Today, a reliable, coal-free electricity grid dominated by truly clean wind and solar energy is not only possible in the United Kingdom, but is the smart economic choice. Unfortunately, the U.K. government has continued to rely heavily on biomass energy to meet its climate and renewables targets, primarily through the conversion of coal plants to burn biomass—plant matter used for energy. These converted coal plants rely on millions of tonnes of imported wood pellets from the Southeastern United States and elsewhere for fuel, and receive billions in taxpayer subsidies based on the erroneous assumption that biomass is a zero-carbon source of electricity, on par with other renewables like solar and wind. In reality, burning biomass for electricity not only undermines the United Kingdom’s climate change goals, it does so at huge taxpayer expense while diverting resources from cleaner and smarter investments.

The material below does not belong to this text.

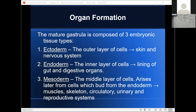Now, organ formation. At the end of gastrulation, when we have a mature gastrula, we have the three primary tissue layers. Ectoderm — the outer layer — forms the skin and nervous system. Endoderm — the inner layer, the archenteron — becomes the lining of the gut and the digestive organs. Mesoderm — the middle layer, cells that migrated into what used to be the blastocoel — becomes muscles, skeleton, circulatory system, urinary system, and reproductive systems — basically everything else besides the skin, nervous system, and digestive organs.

A new study commissioned by the Natural Resources Defense Council and conducted by Vivid Economics concludes that solar and wind can reliably meet the United Kingdom’s needs for new electricity capacity—and they can do so more cost-effectively than new biomass, even when the costs of integrating solar and wind into the grid are fully accounted for. The study shows that:

  • By 2020, biomass will be higher cost than onshore wind and solar from a total economic cost perspective.
  • In 2025, in all cases, biomass will be higher cost than all forms of wind and solar.
  • If new biomass conversions were to be constructed, they would be stranded assets—meaning uneconomic to run for any purpose—within the decade.
  • Continuing to subsidise coal-to-biomass conversion could result in hundreds of millions of pounds in excess subsidy expenditures for the United Kingdom compared to wind energy.

U.K. policymakers must follow the science on biomass carbon emissions and acknowledge the emerging economic realities to immediately ramp down subsidies for dirty and costly biomass electricity and shift investments to the truly clean, reliable, and cost-effective energy solutions the country needs.